Would you please set down the lines of the data from the one containing "Foto 0a5b495a-5942-4bc3-857c-67a575daa161. Chalet" to the final line, exactly and only those?
[Data]
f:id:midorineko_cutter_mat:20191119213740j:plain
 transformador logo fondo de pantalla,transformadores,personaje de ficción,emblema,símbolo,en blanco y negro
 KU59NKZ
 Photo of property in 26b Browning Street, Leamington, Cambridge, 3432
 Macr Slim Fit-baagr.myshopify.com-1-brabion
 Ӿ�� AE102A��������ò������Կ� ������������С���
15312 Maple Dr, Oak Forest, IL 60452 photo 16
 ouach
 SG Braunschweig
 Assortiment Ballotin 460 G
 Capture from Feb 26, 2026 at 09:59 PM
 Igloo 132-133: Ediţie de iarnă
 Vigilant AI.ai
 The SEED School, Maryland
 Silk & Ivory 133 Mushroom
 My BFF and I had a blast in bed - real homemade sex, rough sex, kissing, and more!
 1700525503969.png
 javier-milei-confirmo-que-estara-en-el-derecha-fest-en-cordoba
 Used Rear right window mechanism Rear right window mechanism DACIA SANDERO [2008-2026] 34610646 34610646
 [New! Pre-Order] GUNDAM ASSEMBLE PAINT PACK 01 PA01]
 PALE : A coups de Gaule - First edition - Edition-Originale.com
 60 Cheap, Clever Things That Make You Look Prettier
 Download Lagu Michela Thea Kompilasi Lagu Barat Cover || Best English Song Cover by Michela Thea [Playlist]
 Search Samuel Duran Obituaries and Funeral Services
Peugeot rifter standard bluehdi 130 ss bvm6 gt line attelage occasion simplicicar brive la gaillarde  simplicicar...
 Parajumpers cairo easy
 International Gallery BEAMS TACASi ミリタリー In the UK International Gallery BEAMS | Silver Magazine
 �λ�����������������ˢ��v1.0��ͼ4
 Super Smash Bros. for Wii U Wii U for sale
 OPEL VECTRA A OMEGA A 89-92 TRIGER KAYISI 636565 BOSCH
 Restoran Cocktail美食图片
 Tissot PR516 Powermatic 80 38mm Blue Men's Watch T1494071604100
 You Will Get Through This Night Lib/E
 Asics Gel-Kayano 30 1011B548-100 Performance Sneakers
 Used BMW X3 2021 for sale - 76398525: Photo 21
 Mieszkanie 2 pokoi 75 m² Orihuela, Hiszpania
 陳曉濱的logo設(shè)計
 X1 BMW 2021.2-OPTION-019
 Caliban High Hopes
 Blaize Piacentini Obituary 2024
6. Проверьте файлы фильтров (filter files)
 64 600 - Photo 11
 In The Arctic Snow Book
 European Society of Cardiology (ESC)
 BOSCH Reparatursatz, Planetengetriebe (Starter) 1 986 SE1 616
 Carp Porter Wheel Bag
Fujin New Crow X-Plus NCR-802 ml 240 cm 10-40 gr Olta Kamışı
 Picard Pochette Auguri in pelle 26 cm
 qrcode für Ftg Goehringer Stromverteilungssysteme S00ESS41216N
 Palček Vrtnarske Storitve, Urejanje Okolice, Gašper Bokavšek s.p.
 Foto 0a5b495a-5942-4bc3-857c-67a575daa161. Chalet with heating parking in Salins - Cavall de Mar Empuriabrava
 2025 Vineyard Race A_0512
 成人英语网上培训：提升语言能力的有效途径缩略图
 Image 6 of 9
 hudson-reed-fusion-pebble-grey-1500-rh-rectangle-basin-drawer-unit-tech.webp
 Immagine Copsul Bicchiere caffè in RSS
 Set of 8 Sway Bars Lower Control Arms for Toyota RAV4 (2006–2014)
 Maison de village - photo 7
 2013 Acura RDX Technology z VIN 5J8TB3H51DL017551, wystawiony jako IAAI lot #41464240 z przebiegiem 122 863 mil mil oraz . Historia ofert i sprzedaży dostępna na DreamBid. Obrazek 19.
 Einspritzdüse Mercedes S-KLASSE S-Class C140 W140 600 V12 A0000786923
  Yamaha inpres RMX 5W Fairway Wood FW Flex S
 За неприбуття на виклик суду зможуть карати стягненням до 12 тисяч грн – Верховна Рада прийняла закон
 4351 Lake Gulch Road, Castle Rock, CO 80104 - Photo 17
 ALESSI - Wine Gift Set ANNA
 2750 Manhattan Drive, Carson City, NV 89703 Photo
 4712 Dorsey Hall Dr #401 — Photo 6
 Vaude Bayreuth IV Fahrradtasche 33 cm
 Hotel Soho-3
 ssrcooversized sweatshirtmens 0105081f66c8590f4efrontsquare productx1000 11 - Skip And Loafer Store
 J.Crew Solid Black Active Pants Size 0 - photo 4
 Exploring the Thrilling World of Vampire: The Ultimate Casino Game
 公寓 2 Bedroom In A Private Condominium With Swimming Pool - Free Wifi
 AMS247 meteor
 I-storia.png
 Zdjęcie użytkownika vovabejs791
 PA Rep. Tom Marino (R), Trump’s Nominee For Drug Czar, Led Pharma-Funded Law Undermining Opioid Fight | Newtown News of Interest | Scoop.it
[/Data]
◆ Task answer:
 Foto 0a5b495a-5942-4bc3-857c-67a575daa161. Chalet with heating parking in Salins - Cavall de Mar Empuriabrava
 2025 Vineyard Race A_0512
 成人英语网上培训：提升语言能力的有效途径缩略图
 Image 6 of 9
 hudson-reed-fusion-pebble-grey-1500-rh-rectangle-basin-drawer-unit-tech.webp
 Immagine Copsul Bicchiere caffè in RSS
 Set of 8 Sway Bars Lower Control Arms for Toyota RAV4 (2006–2014)
 Maison de village - photo 7
 2013 Acura RDX Technology z VIN 5J8TB3H51DL017551, wystawiony jako IAAI lot #41464240 z przebiegiem 122 863 mil mil oraz . Historia ofert i sprzedaży dostępna na DreamBid. Obrazek 19.
 Einspritzdüse Mercedes S-KLASSE S-Class C140 W140 600 V12 A0000786923
  Yamaha inpres RMX 5W Fairway Wood FW Flex S
 За неприбуття на виклик суду зможуть карати стягненням до 12 тисяч грн – Верховна Рада прийняла закон
 4351 Lake Gulch Road, Castle Rock, CO 80104 - Photo 17
 ALESSI - Wine Gift Set ANNA
 2750 Manhattan Drive, Carson City, NV 89703 Photo
 4712 Dorsey Hall Dr #401 — Photo 6
 Vaude Bayreuth IV Fahrradtasche 33 cm
 Hotel Soho-3
 ssrcooversized sweatshirtmens 0105081f66c8590f4efrontsquare productx1000 11 - Skip And Loafer Store
 J.Crew Solid Black Active Pants Size 0 - photo 4
 Exploring the Thrilling World of Vampire: The Ultimate Casino Game
 公寓 2 Bedroom In A Private Condominium With Swimming Pool - Free Wifi
 AMS247 meteor
 I-storia.png
 Zdjęcie użytkownika vovabejs791
 PA Rep. Tom Marino (R), Trump’s Nominee For Drug Czar, Led Pharma-Funded Law Undermining Opioid Fight | Newtown News of Interest | Scoop.it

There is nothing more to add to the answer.